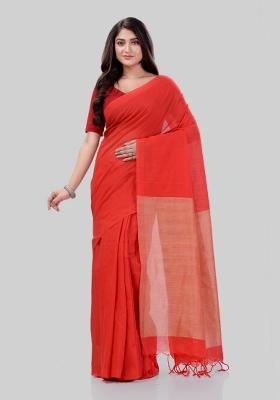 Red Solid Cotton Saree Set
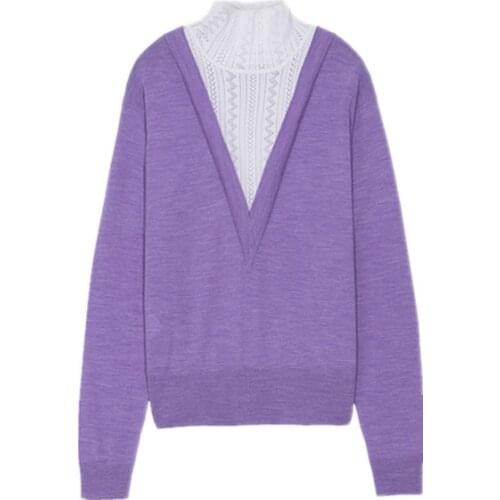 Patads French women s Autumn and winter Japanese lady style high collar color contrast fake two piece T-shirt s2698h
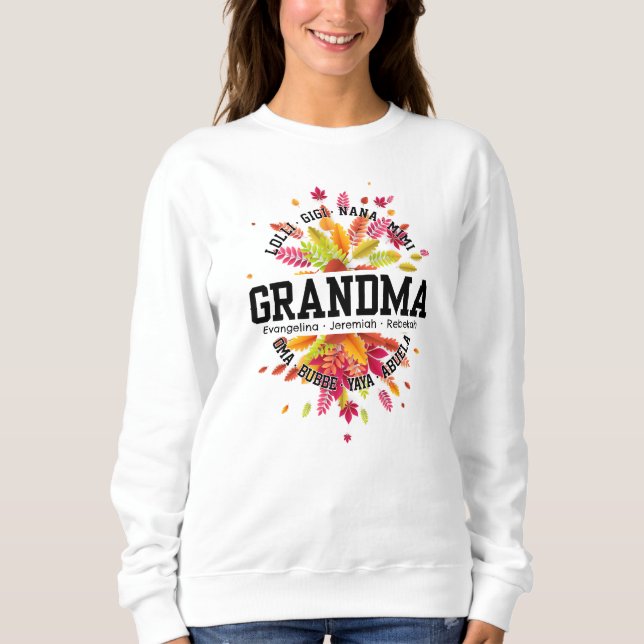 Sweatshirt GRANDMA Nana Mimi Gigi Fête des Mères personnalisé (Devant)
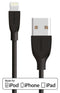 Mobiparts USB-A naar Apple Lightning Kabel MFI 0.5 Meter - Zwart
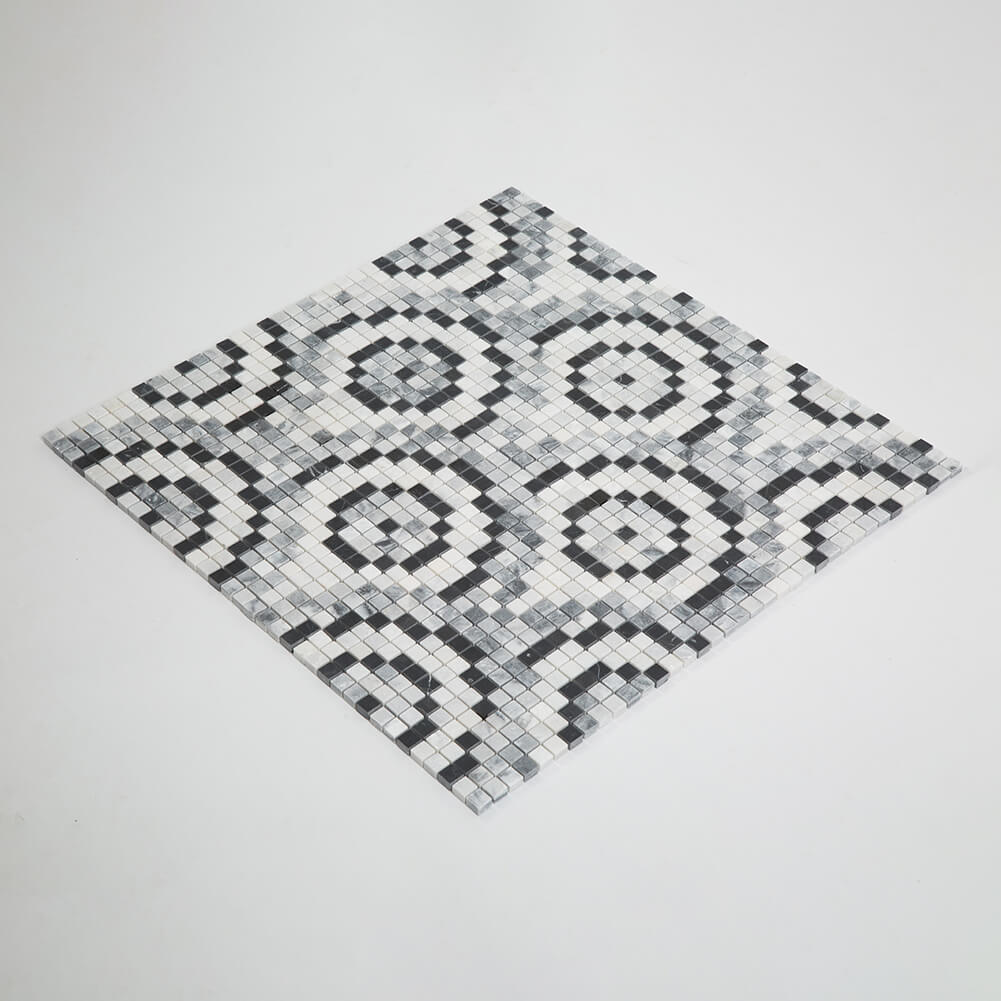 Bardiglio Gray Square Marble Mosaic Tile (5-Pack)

------

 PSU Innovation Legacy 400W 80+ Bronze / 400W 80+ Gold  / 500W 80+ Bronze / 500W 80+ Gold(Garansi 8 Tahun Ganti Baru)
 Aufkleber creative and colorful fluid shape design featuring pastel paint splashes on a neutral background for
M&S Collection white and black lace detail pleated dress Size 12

------

--- Requirement ---
Reproduce exactly the lines above that run from the one with "Patads French women" to the one with "Bardiglio Gray Square", both included, leaving pictures out.

--- Reply to the task ---
 Patads French women s Autumn and winter Japanese lady style high collar color contrast fake two piece T-shirt s2698h
 Sweatshirt GRANDMA Nana Mimi Gigi Fête des Mères personnalisé (Devant)
 Mobiparts USB-A naar Apple Lightning Kabel MFI 0.5 Meter - Zwart
 Bardiglio Gray Square Marble Mosaic Tile (5-Pack)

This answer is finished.